**Task to carry out:**
After locating the line that contains "Boeing 757 overspeed" in the records below, write out exactly that line and each line after it through the one that contains "Kit de synchronisation", and nothing else.

**Extracted records:**
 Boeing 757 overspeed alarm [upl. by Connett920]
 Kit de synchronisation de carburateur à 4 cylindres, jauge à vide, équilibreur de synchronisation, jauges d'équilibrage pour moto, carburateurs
--
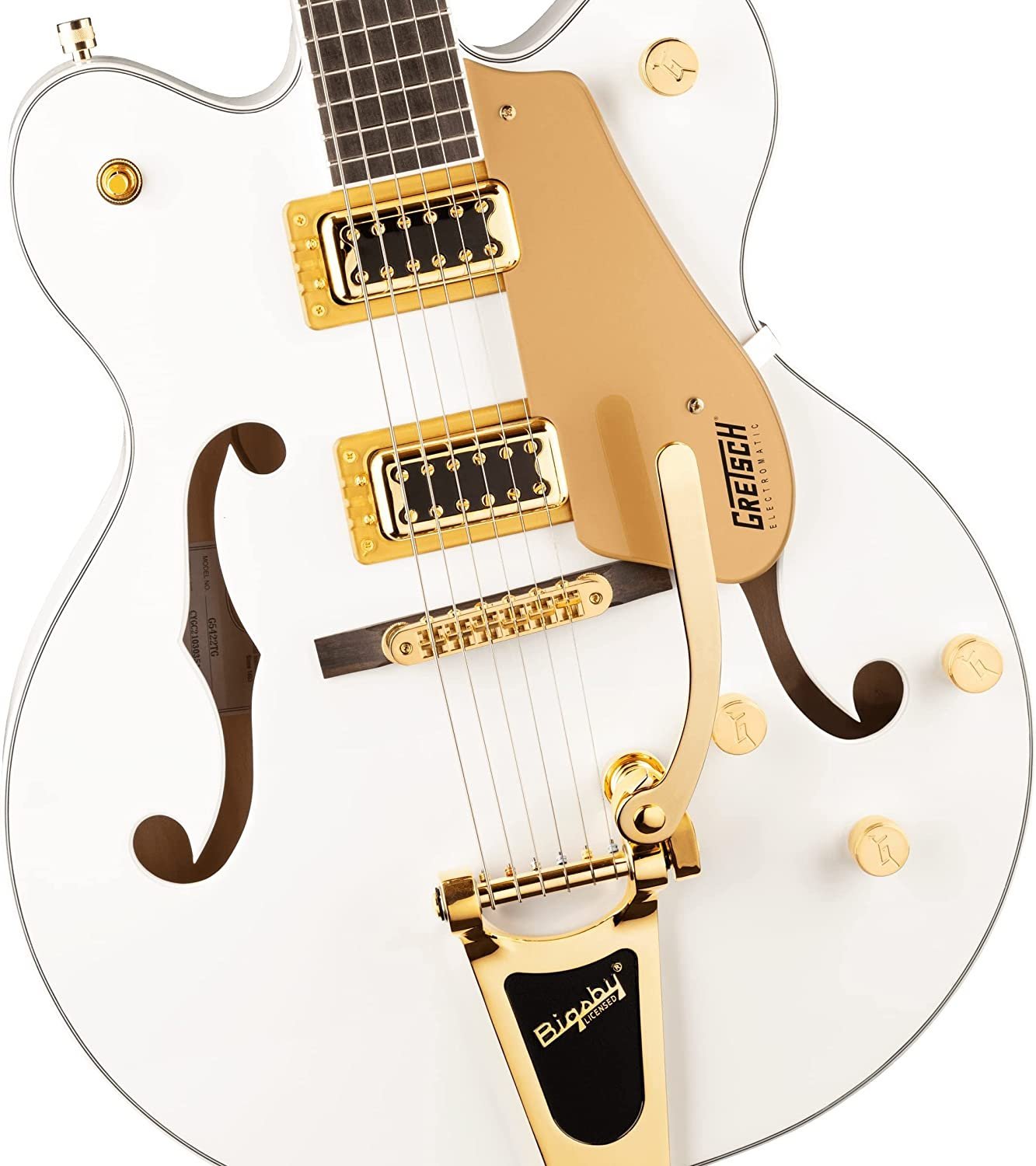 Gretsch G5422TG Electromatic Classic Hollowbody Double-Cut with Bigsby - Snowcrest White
==
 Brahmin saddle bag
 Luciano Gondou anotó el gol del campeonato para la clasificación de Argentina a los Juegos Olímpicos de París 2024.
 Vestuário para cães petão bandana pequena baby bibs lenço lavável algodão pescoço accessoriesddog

**Your response:**
 Boeing 757 overspeed alarm [upl. by Connett920]
 Kit de synchronisation de carburateur à 4 cylindres, jauge à vide, équilibreur de synchronisation, jauges d'équilibrage pour moto, carburateurs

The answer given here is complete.